Saudi Arabia, OPEC’s biggest producer and the world’s top oil exporter, cut output by 375,000 barrels a day last month to an average 8.025 million barrels a day, the lowest since December 2002. Production was 26,000 barrels a day lower than its target of 8.051 million barrels a day, the Bloomberg survey showed.
The U.A.E. and Qatar plan to reduce their crude oil shipments to Asia in March in line with OPEC cuts, said refiners who received notices from suppliers.
State-owned Qatar Petroleum will slash supplies of its Marine grade sold under long-term contracts by 15 percent, following a 6 percent cut in February, said the refinery officials in Singapore, China, Japan and South Korea, who asked not to be named, citing confidentiality agreements.
Abu Dhabi National Oil Co., the Emirates’ state-owned producer, will cut supplies of Murban oil by 10 percent after a 15 percent reduction in February, said the officials. Shipments of Upper Zakum grade will be reduced by 15 percent, Umm Shaif by 10 percent and Lower Zakum by 10 percent, similar to cuts in volume last month.
The price of oil for delivery next January is 31 percent more than for the current month, increasing the opportunity for traders to profit from storing crude for later use. This structure, in which a future month’s price is higher than the one before it, is known as contango.

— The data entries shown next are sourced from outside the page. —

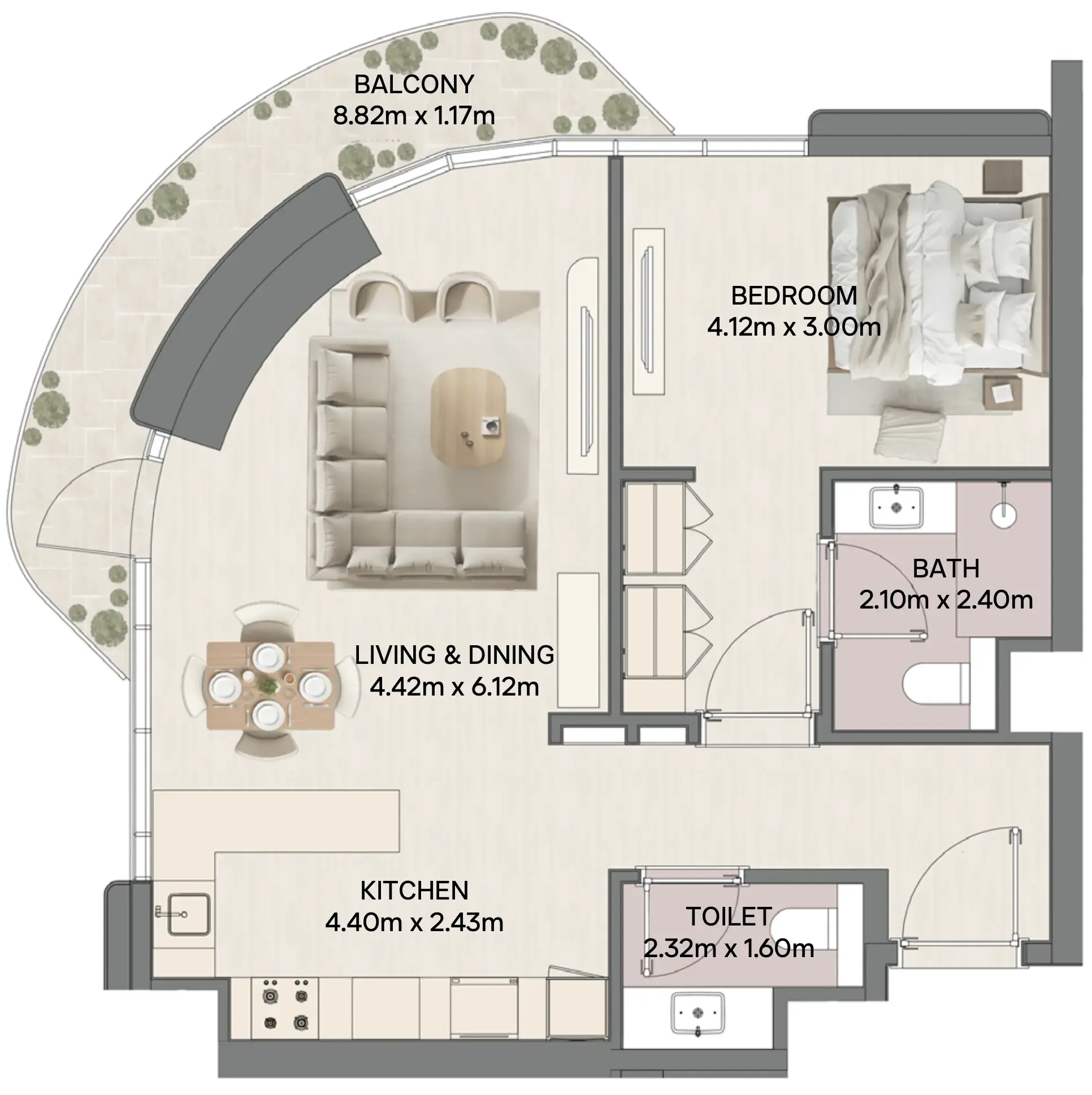 Mirasol II 1 bed floor plan, 882 sqft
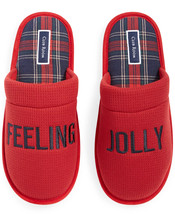 Mens Slippers Waffle Knit Feeling Jolly Red Size XL (12-13) CLUB ROOM $3... - £11.50 GBP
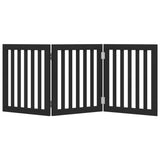 vidaXL Dog Gate Foldable 3 Panels Black 150 cm Poplar Wood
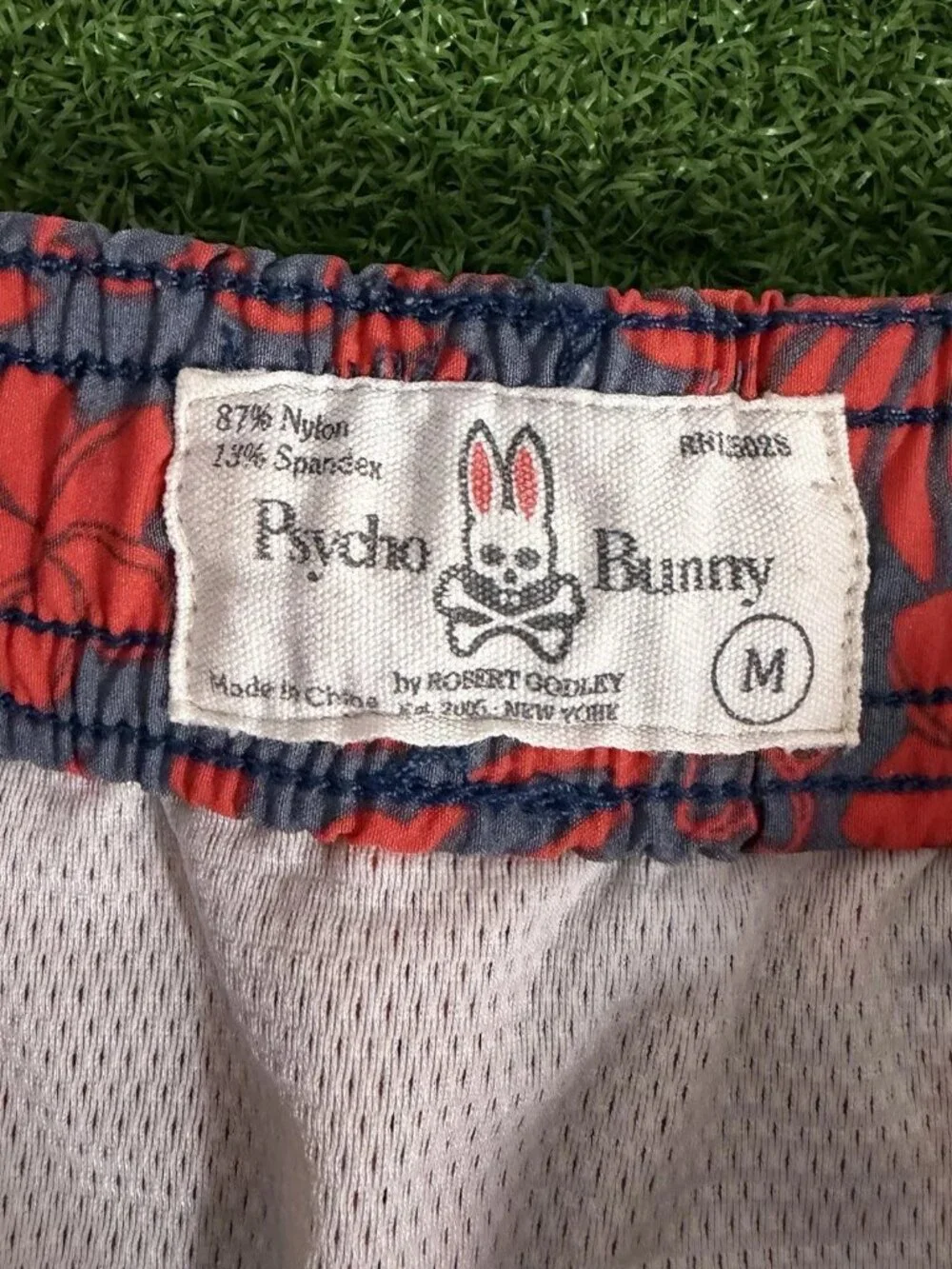 Psycho Bunny Mens Gray Orange Floral Print Swim Board Athletic Shorts Sz Medium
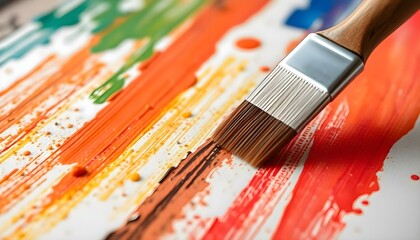 Fototapeta premium a close up of a paintbrush on a painting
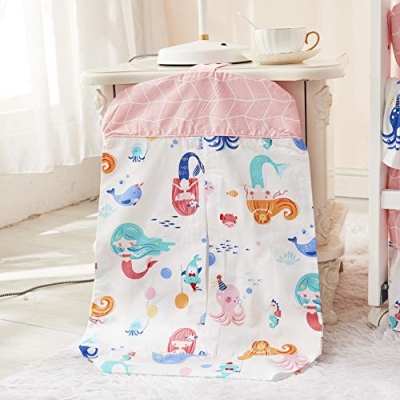 Product: Brandream Mermaid Nursery Bedding Set for Girls Princess Pink Baby Crib Bedding 4 Piece Underwater Fish Blanket Set with Diaper Stacker, 100% Cotton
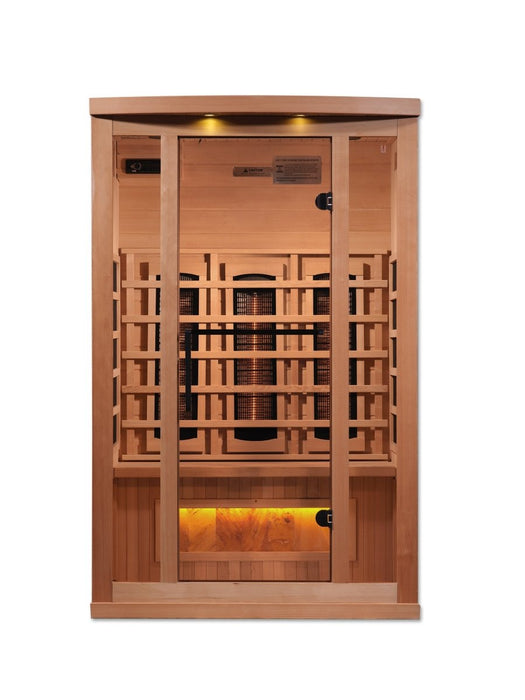 Golden Designs 2 Person FAR Infrared Dry Sauna with Himalayan Salt Bar GDI-8020-02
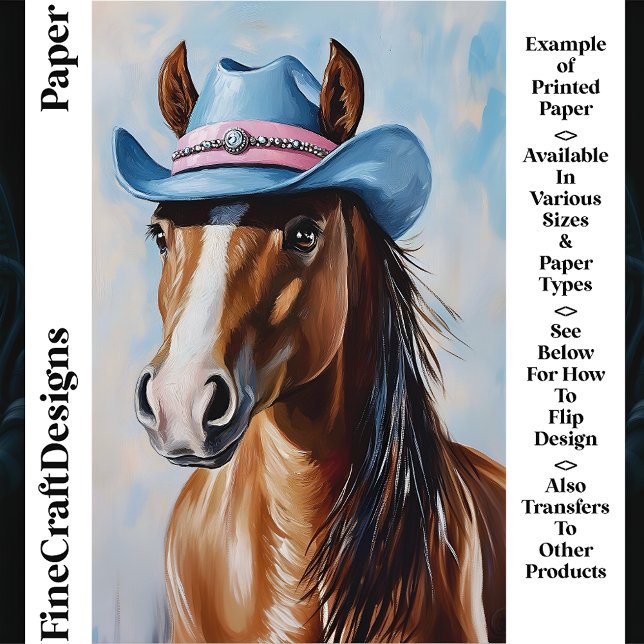 Chestnut Horse Blue Cowboy Hat CS8 Craft Paper (Creator Uploaded)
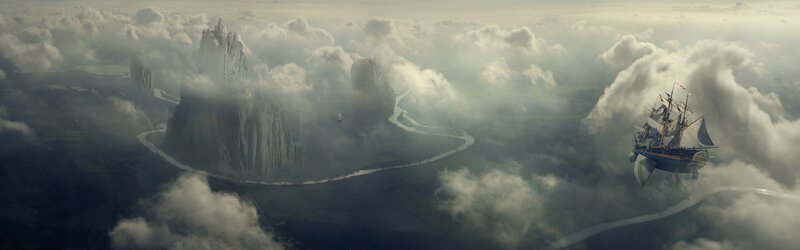 Sailing Ship in Clouds — Gray, Dramatic, Digital Art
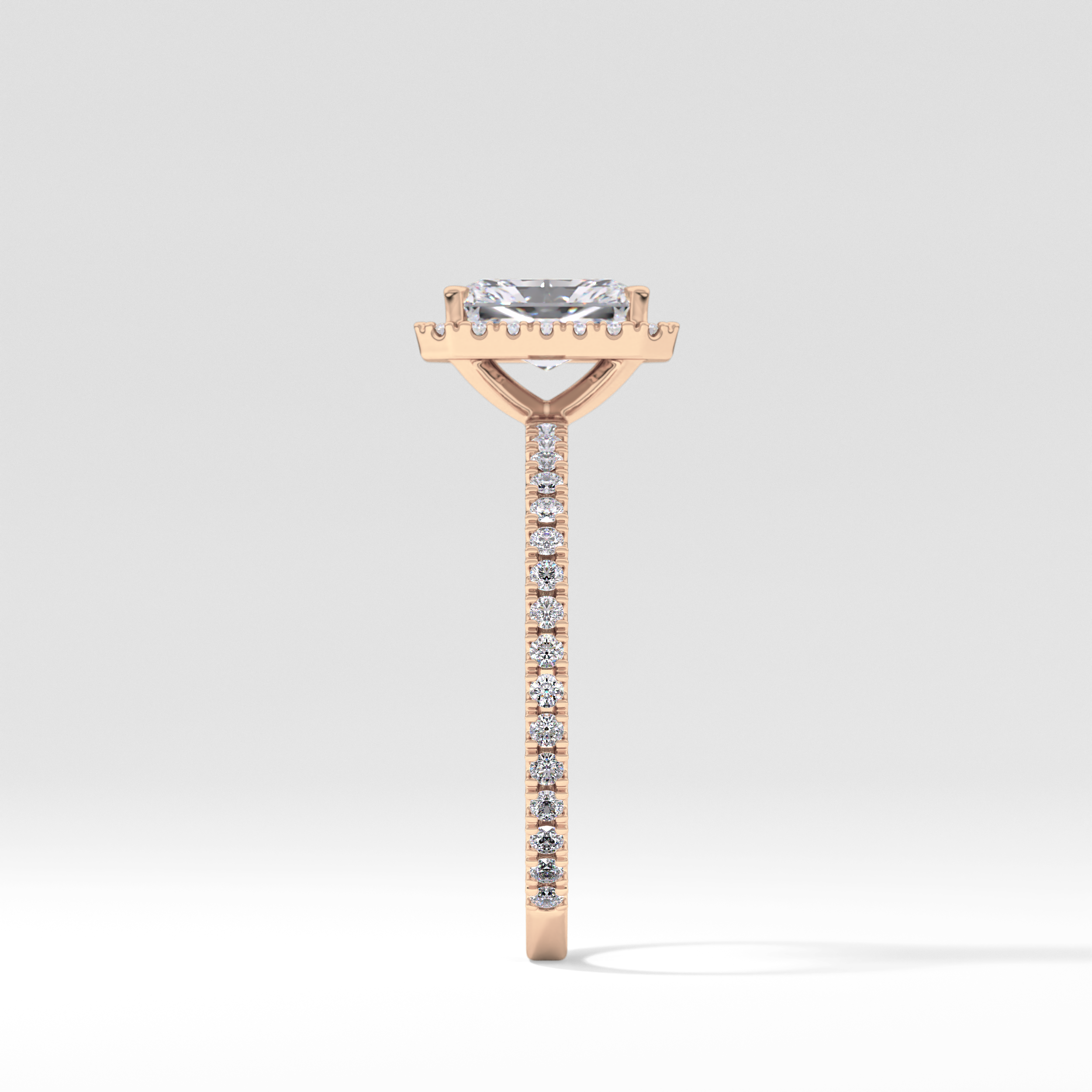Radiant Halo &  Pave Lab Grown Diamond Engagement Ring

Volume in electronic trading on the exchange was 392,505 contracts as of 3:02 p.m. in New York yesterday. Volume totaled 498,610 contracts Feb. 2, up 1.8 percent from the average over the past three months. Open interest yesterday was 1.26 million contracts. The exchange has a one-business-day delay in reporting open interest and full volume data.
Falling prices and lower fuel demand have hurt energy company earnings. BP Plc, Europe’s second-biggest oil company, posted its first quarterly loss in seven years. The fourth- quarter loss was $3.3 billion, or 18 cents a share, compared with net income of $4.4 billion, or 23 cents, a year earlier, London-based BP said yesterday in a statement.
Brent crude oil for March settlement increased 26 cents, or 0.6 percent, to end the session at $44.08 a barrel on London’s ICE Futures Europe exchange yesterday.